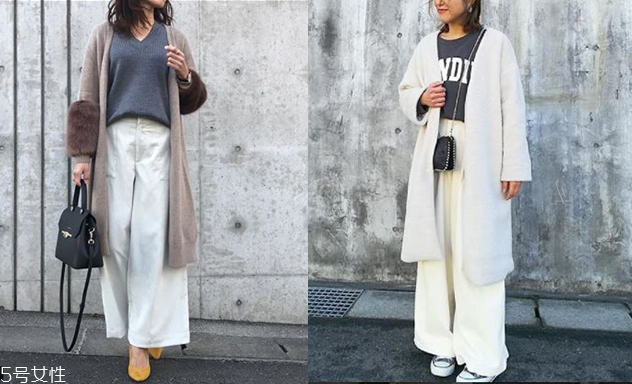 女生白色衣服怎么穿好看 女生白色衣服怎么穿好看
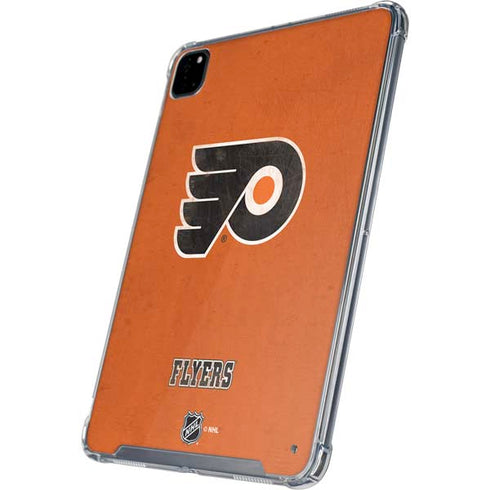 NHL Philadelphia Flyers Distressed iPad Cases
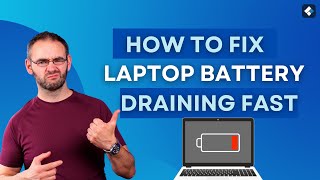 2023NEW 10 Ways to Fix Laptop Battery Draining Fast [upl. by Oliric]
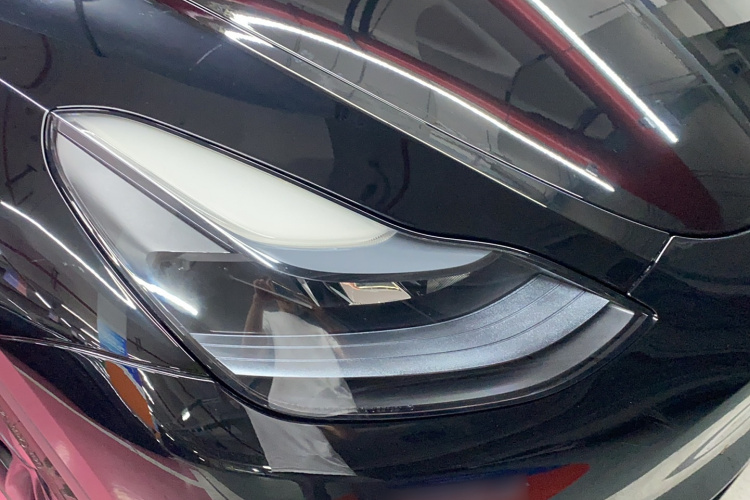 特斯拉 Model Y 2022款 改款 长续航全轮驱动版局部细节36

__Exercise aim__: An exact transcript is required, covering the lines from the one containing "2023NEW 10 Ways" through the end of the listing above, inclusive, without pictures.

__Answer for the task__:
 2023NEW 10 Ways to Fix Laptop Battery Draining Fast [upl. by Oliric]
 特斯拉 Model Y 2022款 改款 长续航全轮驱动版局部细节36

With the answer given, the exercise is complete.